人気の自動車レースシリーズ「SUPER GT選手権」でチーム監督を務める、元F1ドライバーの片山右京氏。自ら設立したスポーツチーム「Team UKYO」では、プロの自転車チームを率いるなど、スポーツ界を中心に幅広く活躍している。現役引退後もここまで精力的に活動するモチベーションは何なのか。それぞれの競技の魅力やこれまでの苦労、今後の展望などインタビューで語ってもらった。(聞き手・大竹信生)
片山氏は1997年にF1から引退。現在は、SUPER GTに参戦する「グッドスマイルレーシング」(以下、GSR)の監督としてチームを支えている。片山氏によるとGSRは、一般的なモーターレースのイメージとは少しかけ離れた「特殊なチーム」だという。
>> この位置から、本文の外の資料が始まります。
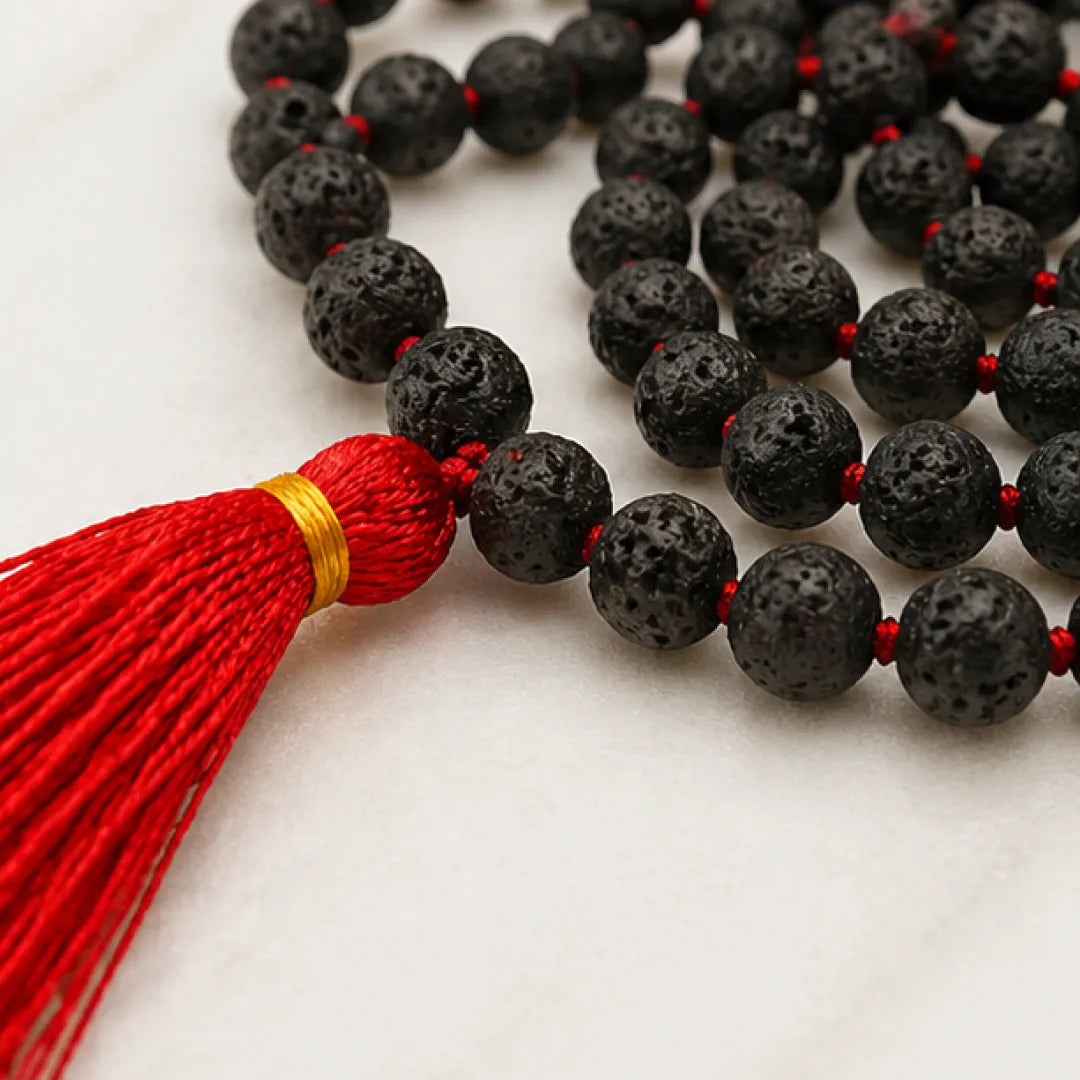 Black Rudraksha Mala (5mm, 6mm, 7mm, 8mm) – Natural Black Rudraksha Bead Mala for Protection, Grounding & Spiritual Discipline
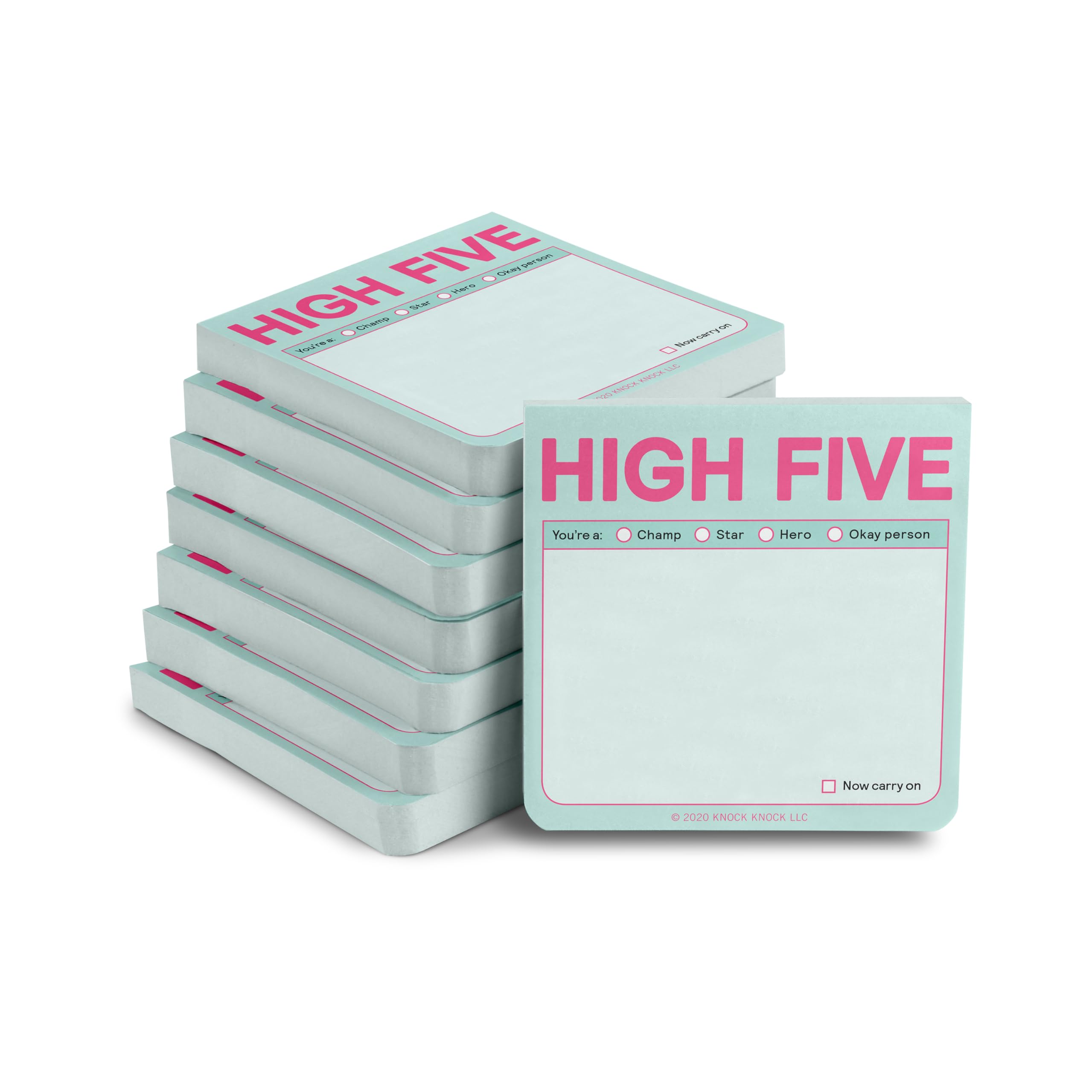 Snapklik.com : 8-Count Knock Knock High Five Sticky Note Pads
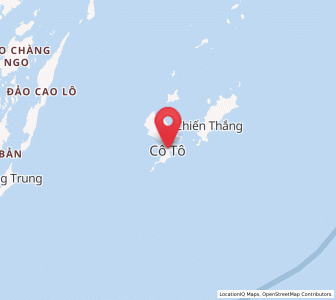 Map of Cô Tô, Quảng Ninh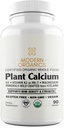 Plant Calciumchlorid 124; 1000mg Certified Organic Whole Food Calcium fra Organic Islandsk Red Algae med vitamin D3, Vitamin K2 og Magnesiumchlorid 124; 72 Trace Minerals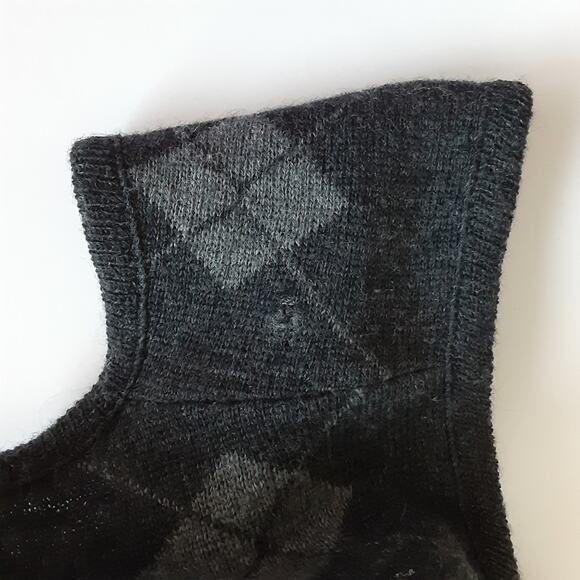 Vintage Pendleton Argyle Sweater Vest Dark Gray Womens S Petite Dark Academia - Picture 8 of 15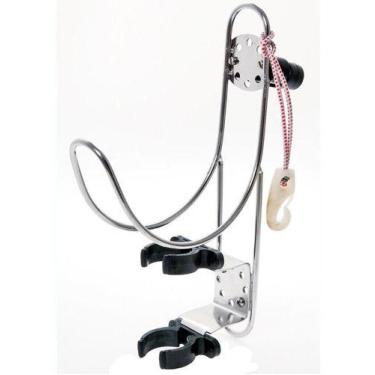 Imagem de Suporte Boia Circular Salva Vidas E Facho Holmes Em Aço Inox - Abrolho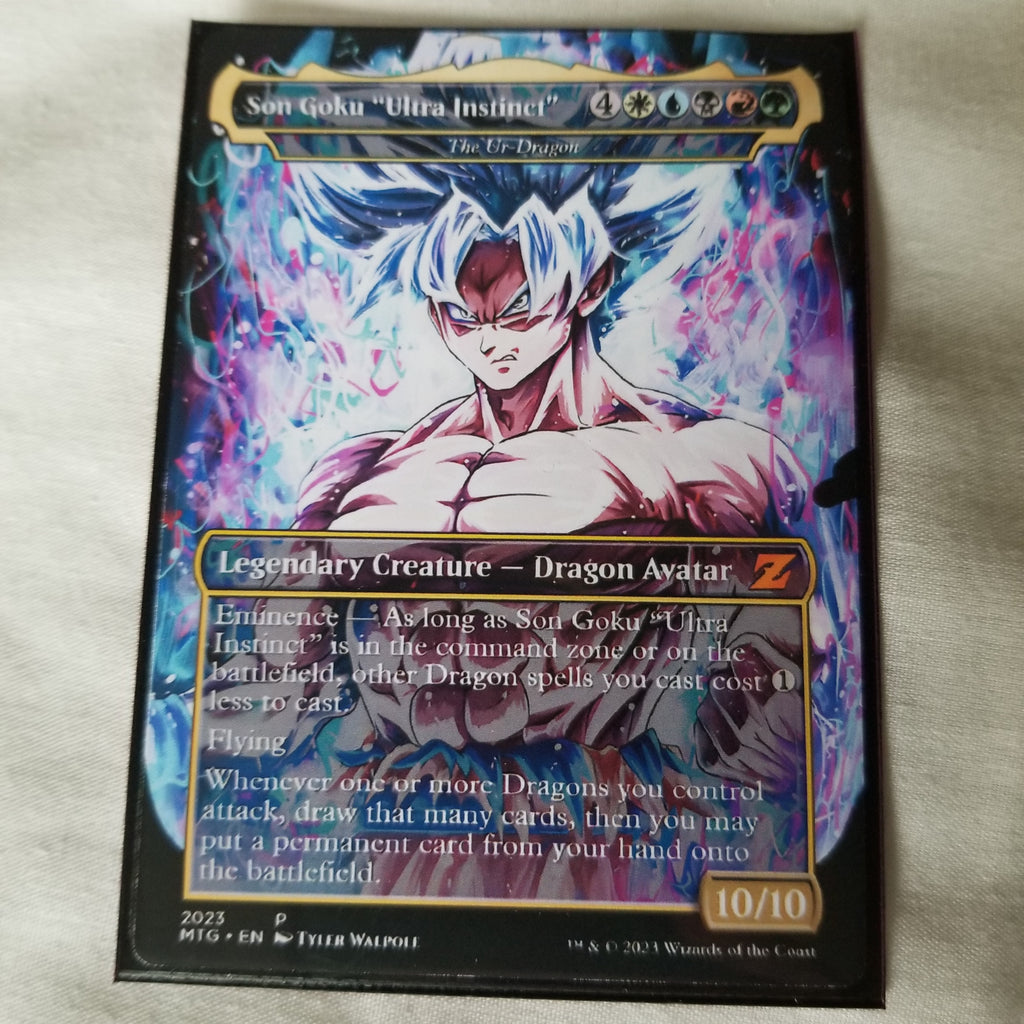 Dragonball Z 100 Card MTG Proxy EDH Commander Deck — Custom Magic The Gathering Deck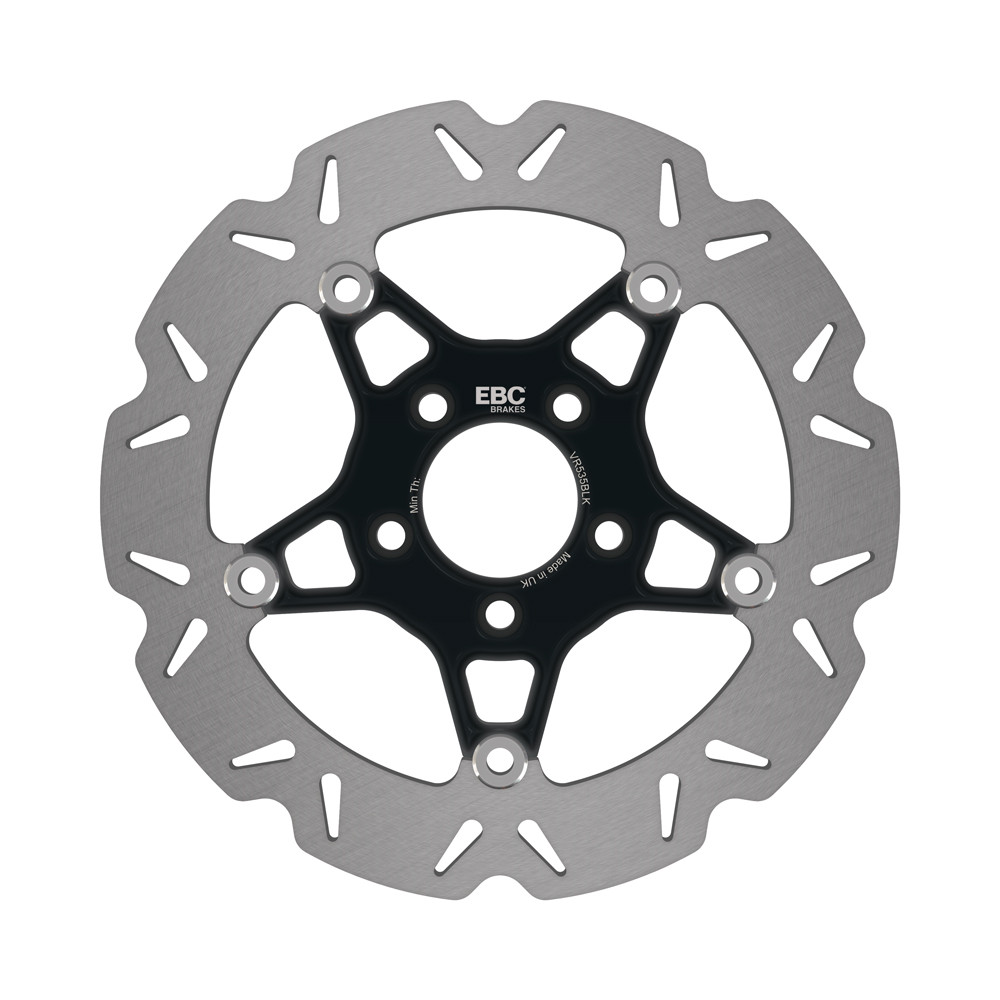 Tarcza hamulcowa motocyklowa EBC VR535BLK VEE, do amerykańskich motocykli, czarna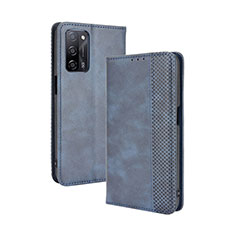 Funda de Cuero Cartera con Soporte Carcasa BY4 para Oppo A53s 5G Azul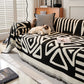 Boho Plaid Sofa Cover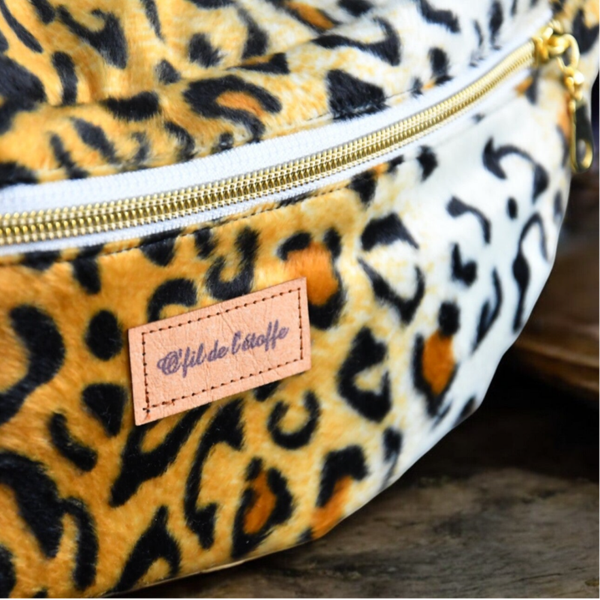 Sac Banane Léopard Velours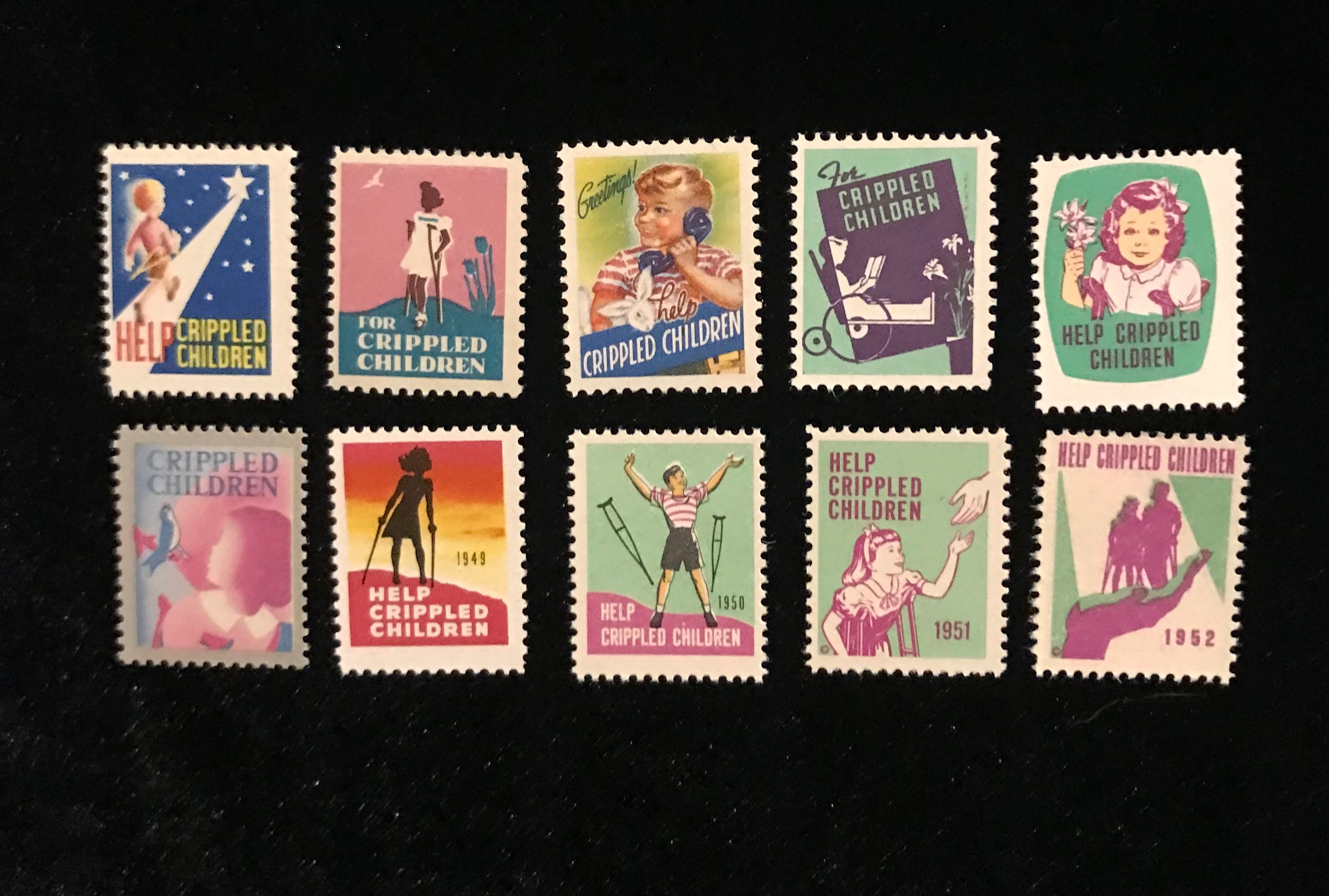 Easter Seals Vintage 1942-1952, Set of 10 - Etsy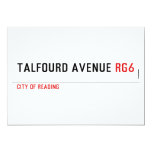 Talfourd avenue  Invitations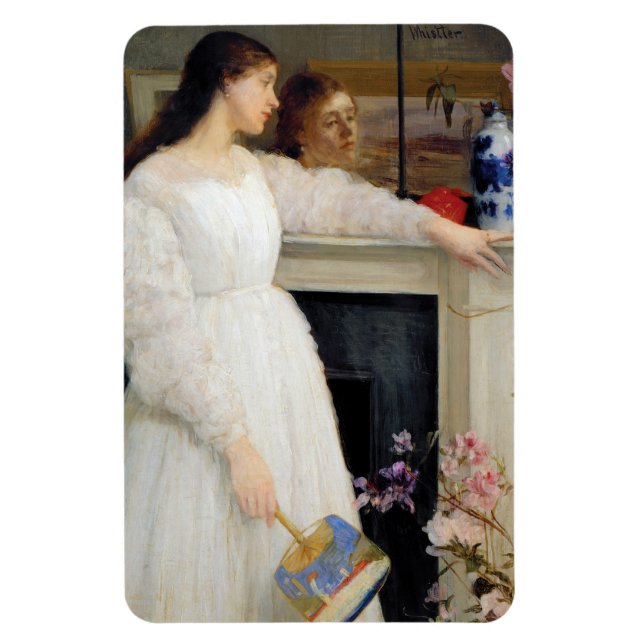Íman James Whistler - Sinfonia em branco nº 2 (Vertical)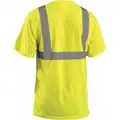 Occunomix T-Shirt: ANSI Class 2, 3XL, Yellow, U, Short, T-Shirt Shirt, Polyester, 1 Pockets, Yellow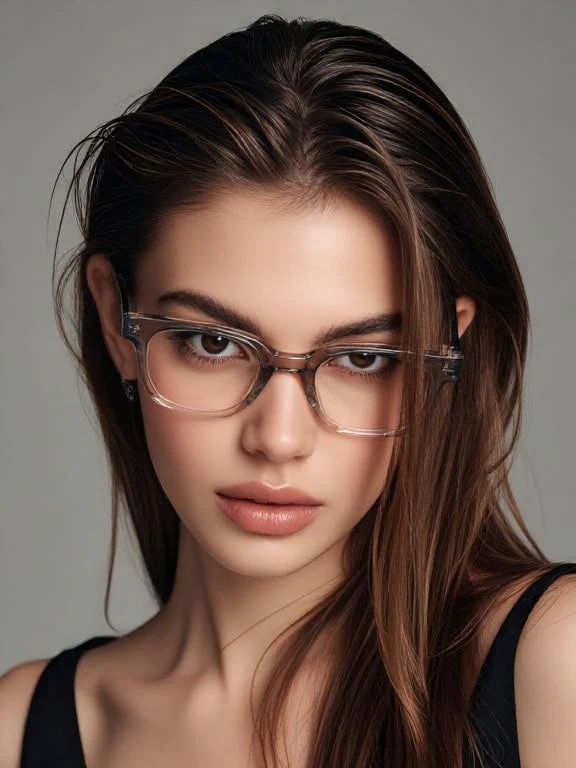Solid Color Semi-transparent Eyeglasses - Image 11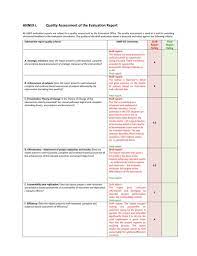 the terrific annex l quality assessment of evaluation pertaining to data report te template professional templates how write a conclusion for lab in chemistry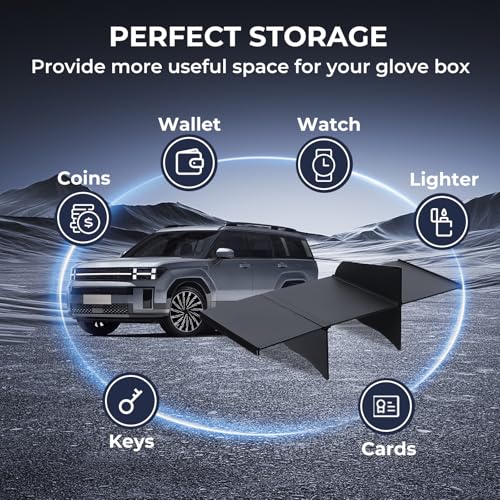 Glove Box Organizer Compatible with Hyundai Santa Fe 2026 2025 2024, Interior Accessories Glove Box Compartment Insert Storage Dividers for 2024-2026 Santa Fe, Black - style: 10) Fits for 2024-2026 Santa Fe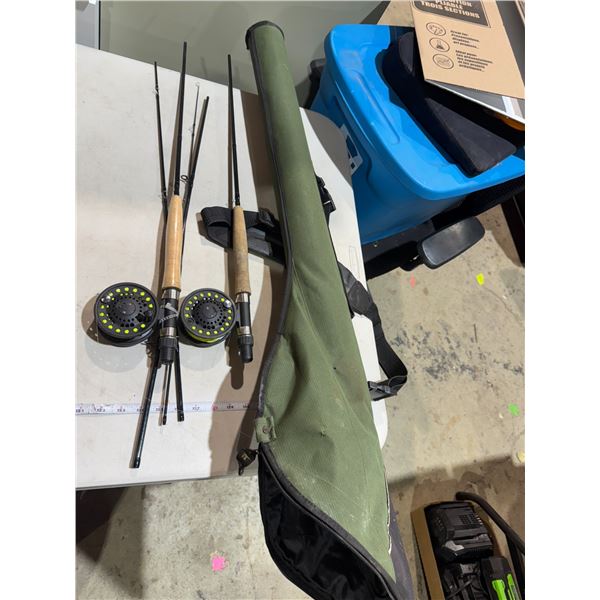Fishing rods and case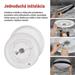 LED nástenné svietidlo ILVI, kruhové 30 W, stmievanie + CCT, čierna + šampanská 8592920157398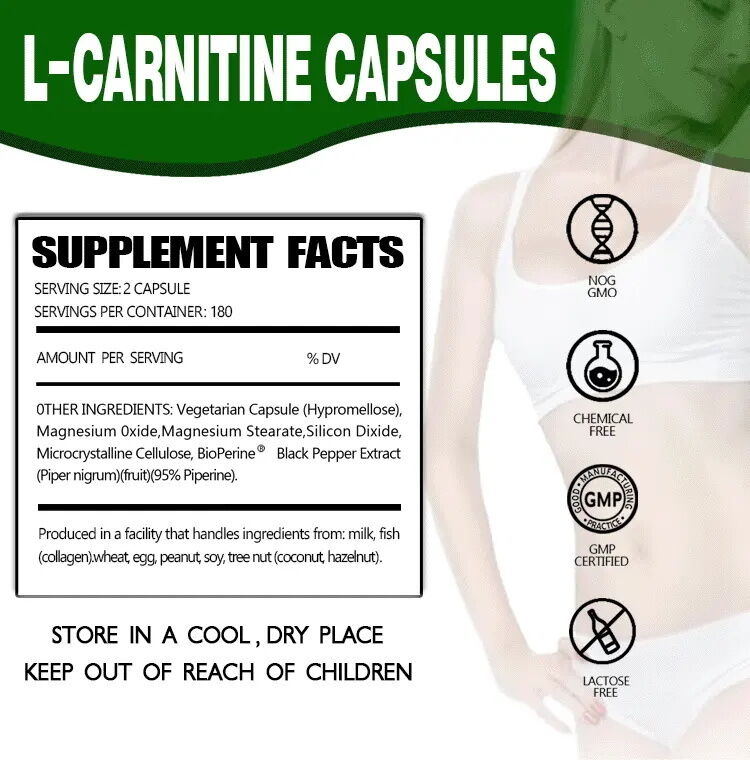 Suplemen Diet Label Pribadi L-Carnitine Fumarate Daun Teratai Pelangsing Penurun Berat Badan Kapsul L-Carnitine Serat Pangan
チームを運営するのは、フィギュアなどホビー商品を製作するグッドスマイルカンパニー。メルセデス・ベンツの車体に、人気キャラクター、初音ミクのイラストをあしらった“痛車”仕様のマシンがチームの最大の特徴だ。「ファンと共に走るレーシングチーム」をコンセプトに、サポーターが少額から資金援助できる「個人スポンサー制度」も導入している。片山氏は「GSRのファンは何万人といて、世界的に見ても非常に人気のあるチームだと思います」と語る。
片山氏は監督として、チームにどのように関与しているのだろうか。「レース現場では全体を見ながら、ドライバーの起用法など最終的な意思決定をします。何か起きたときは怒られに行くなどの汚れ役もやりますし、タイヤメーカーや自動車メーカーの間に立って政治的な部分の調整もします」。